== What the task requires ==
The pictures do not belong in the copy. Restate all of the records word for word.

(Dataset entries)
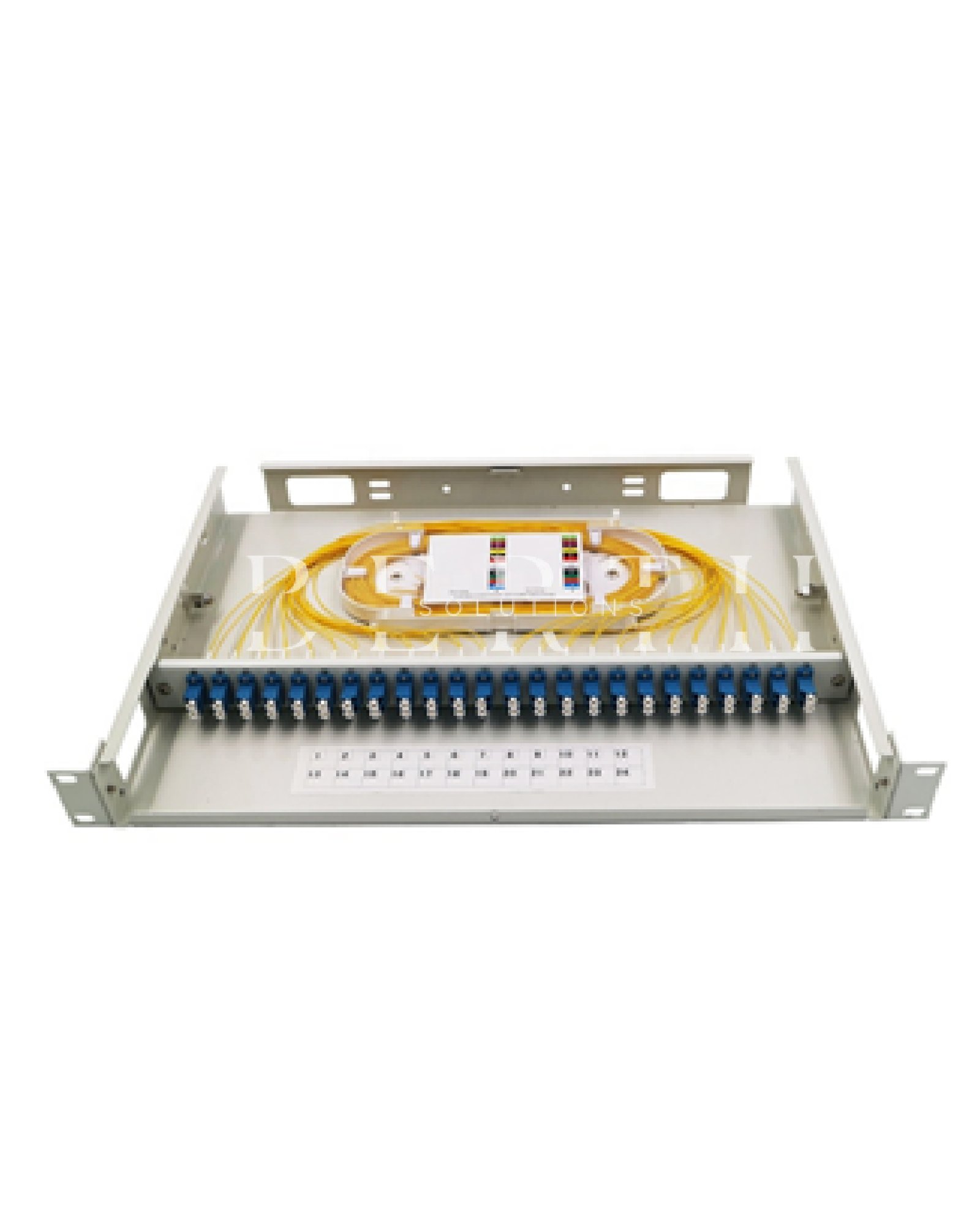 1U Fiber Optic Distribution Unit for up to 24 Ports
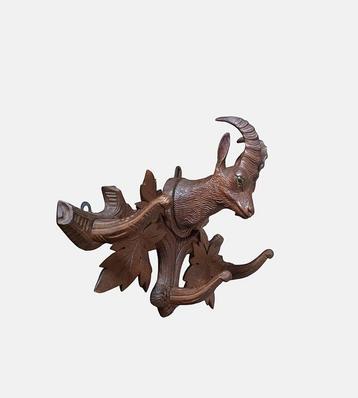 Foresta nera - 1900 Ca - Kapstok - Hout - 37cm, Antiek en Kunst, Curiosa en Brocante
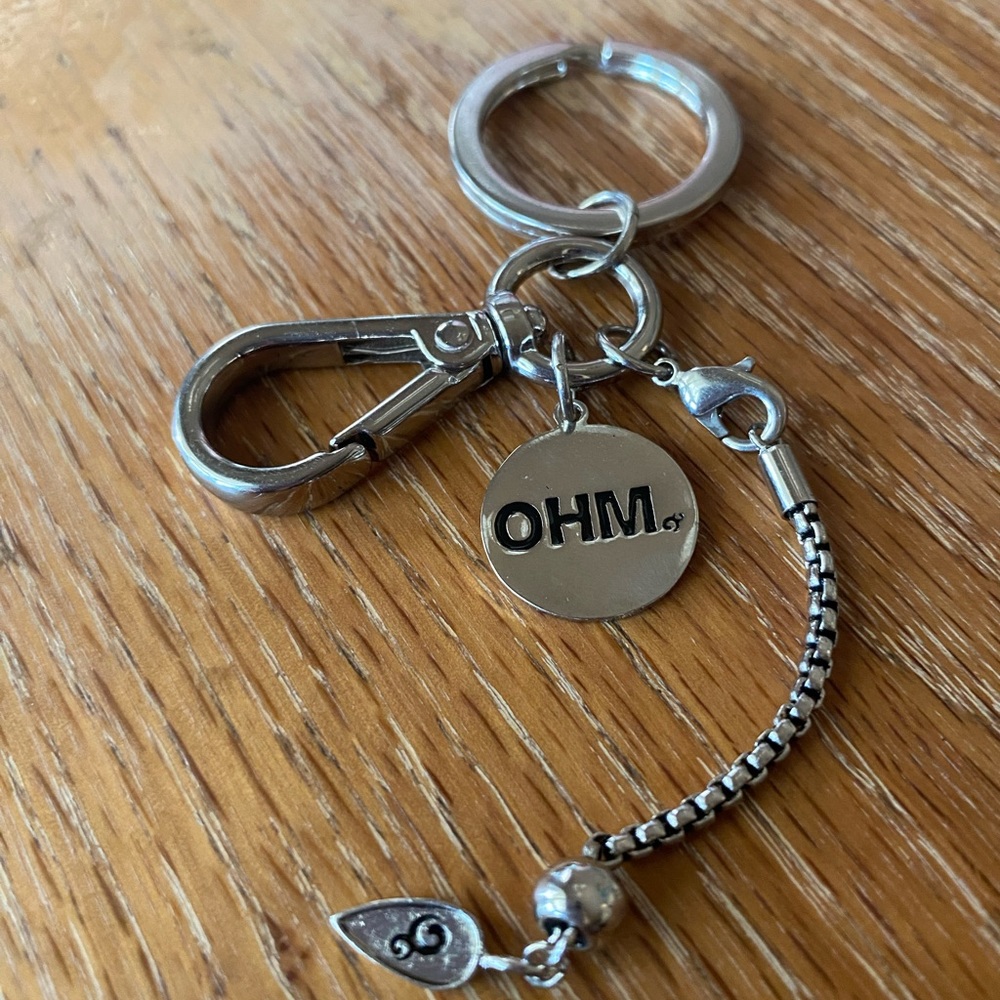 OHM keychain and bead holder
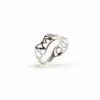 Zalio Silver Plated Message Ring
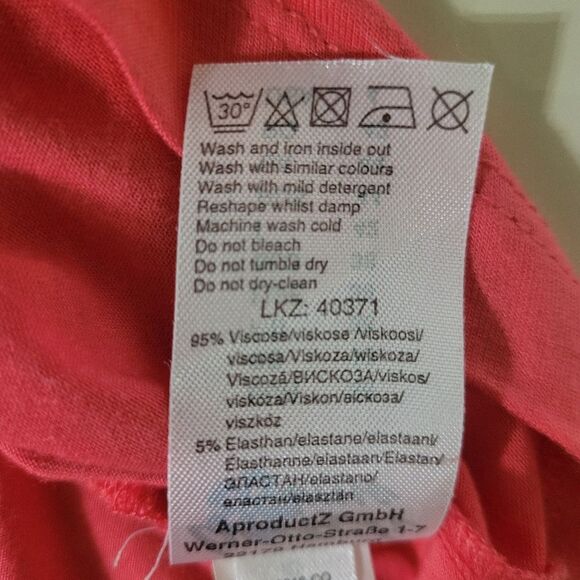 Lascana Beach Time Coral Sleeveless Surplice V-neck Tulip Hem Dress - Picture 12 of 15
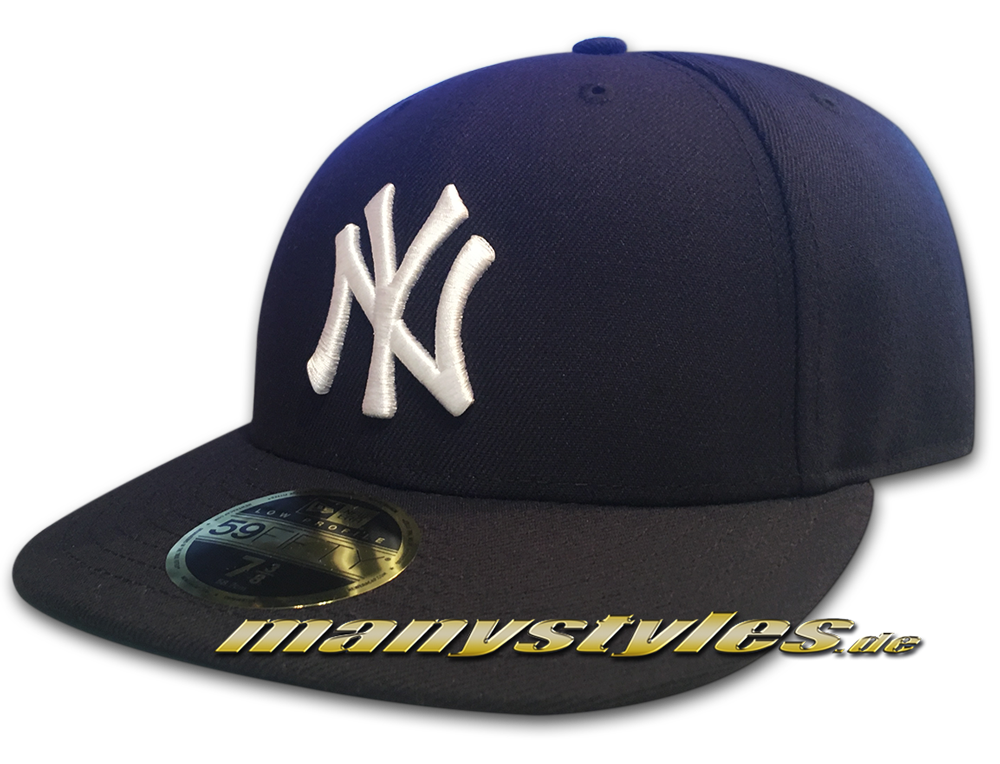 NY Yankees MLB LC Authentic Performance Low Profile Cap Curved Visor Navy LP Low Profile Cap von New Era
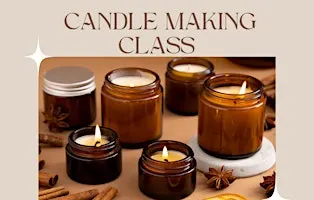 Candle making class at The Vineyard at Hershey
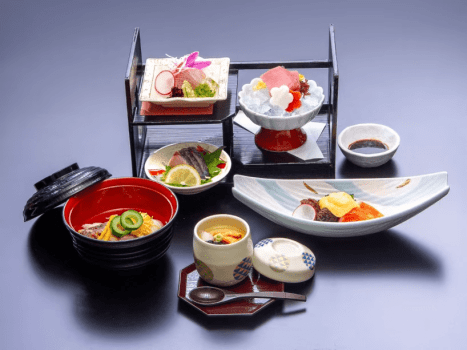 【2026春】お造り・甘鯛素麺・雲丹玄丹蕎麦茶碗蒸し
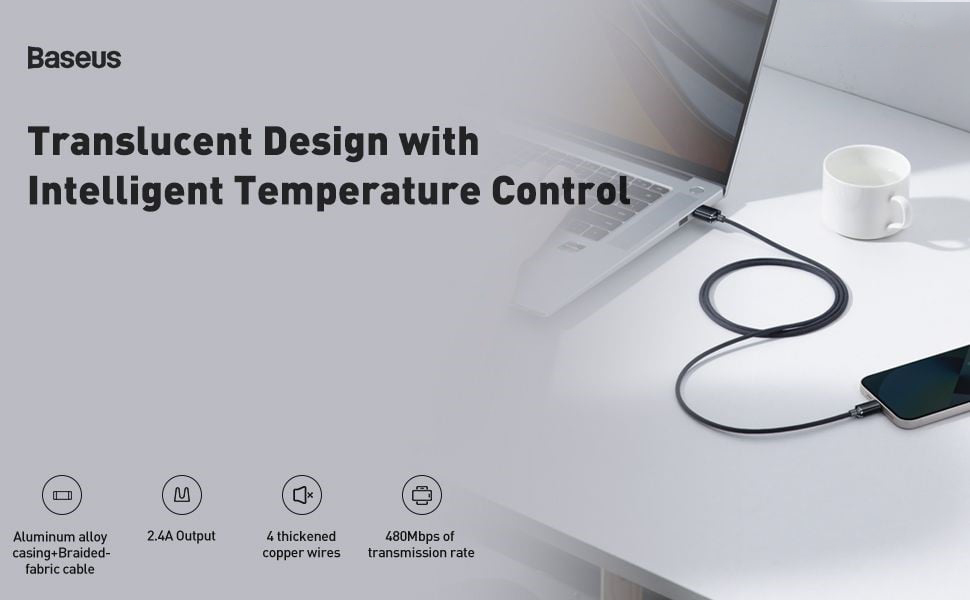 Ảnh của Cáp BASEUS Crystal Shine Series Type-C to Lightning 20W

== Response area ==
 1U Fiber Optic Distribution Unit for up to 24 Ports
 Foresta nera - 1900 Ca - Kapstok - Hout - 37cm, Antiek en Kunst, Curiosa en Brocante
 OHM keychain and bead holder
 Zalio Silver Plated Message Ring
 Lascana Beach Time Coral Sleeveless Surplice V-neck Tulip Hem Dress - Picture 12 of 15
 NY Yankees MLB LC Authentic Performance Low Profile Cap Curved Visor Navy LP Low Profile Cap von New Era
 Candle making class at The Vineyard at Hershey
 【2026春】お造り・甘鯛素麺・雲丹玄丹蕎麦茶碗蒸し
 Ảnh của Cáp BASEUS Crystal Shine Series Type-C to Lightning 20W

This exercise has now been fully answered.